- **DATA UNDER STUDY**

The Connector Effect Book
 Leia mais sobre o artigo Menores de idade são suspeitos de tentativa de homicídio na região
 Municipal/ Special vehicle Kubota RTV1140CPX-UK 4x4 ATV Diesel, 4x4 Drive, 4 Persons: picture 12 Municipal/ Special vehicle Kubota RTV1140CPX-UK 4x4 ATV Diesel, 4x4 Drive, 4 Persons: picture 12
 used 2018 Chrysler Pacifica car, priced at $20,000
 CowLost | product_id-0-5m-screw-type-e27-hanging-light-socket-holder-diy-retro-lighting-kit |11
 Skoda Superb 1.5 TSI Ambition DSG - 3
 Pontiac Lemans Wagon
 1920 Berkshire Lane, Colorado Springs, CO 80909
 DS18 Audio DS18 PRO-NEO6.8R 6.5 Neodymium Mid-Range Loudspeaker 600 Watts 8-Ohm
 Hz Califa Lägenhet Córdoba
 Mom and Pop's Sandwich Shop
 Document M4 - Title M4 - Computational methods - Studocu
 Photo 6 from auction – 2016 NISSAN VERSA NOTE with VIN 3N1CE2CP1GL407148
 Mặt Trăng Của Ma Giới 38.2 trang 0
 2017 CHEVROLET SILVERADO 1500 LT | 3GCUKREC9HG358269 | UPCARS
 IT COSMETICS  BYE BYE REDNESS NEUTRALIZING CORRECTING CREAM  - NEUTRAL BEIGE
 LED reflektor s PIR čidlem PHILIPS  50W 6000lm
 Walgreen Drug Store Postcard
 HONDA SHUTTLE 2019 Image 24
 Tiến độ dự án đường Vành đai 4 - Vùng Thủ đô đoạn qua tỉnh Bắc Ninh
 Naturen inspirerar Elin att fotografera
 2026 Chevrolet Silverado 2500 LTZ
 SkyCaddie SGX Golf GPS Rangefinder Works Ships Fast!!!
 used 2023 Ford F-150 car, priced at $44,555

- **WORK ORDER**
All lines above from the one holding "Mom and Pop's Sandwich Shop" to the one holding "2026 Chevrolet Silverado 2500 LTZ", inclusive, are to be copied exactly; no other line is wanted.

- **TASK OUTPUT**
 Mom and Pop's Sandwich Shop
 Document M4 - Title M4 - Computational methods - Studocu
 Photo 6 from auction – 2016 NISSAN VERSA NOTE with VIN 3N1CE2CP1GL407148
 Mặt Trăng Của Ma Giới 38.2 trang 0
 2017 CHEVROLET SILVERADO 1500 LT | 3GCUKREC9HG358269 | UPCARS
 IT COSMETICS  BYE BYE REDNESS NEUTRALIZING CORRECTING CREAM  - NEUTRAL BEIGE
 LED reflektor s PIR čidlem PHILIPS  50W 6000lm
 Walgreen Drug Store Postcard
 HONDA SHUTTLE 2019 Image 24
 Tiến độ dự án đường Vành đai 4 - Vùng Thủ đô đoạn qua tỉnh Bắc Ninh
 Naturen inspirerar Elin att fotografera
 2026 Chevrolet Silverado 2500 LTZ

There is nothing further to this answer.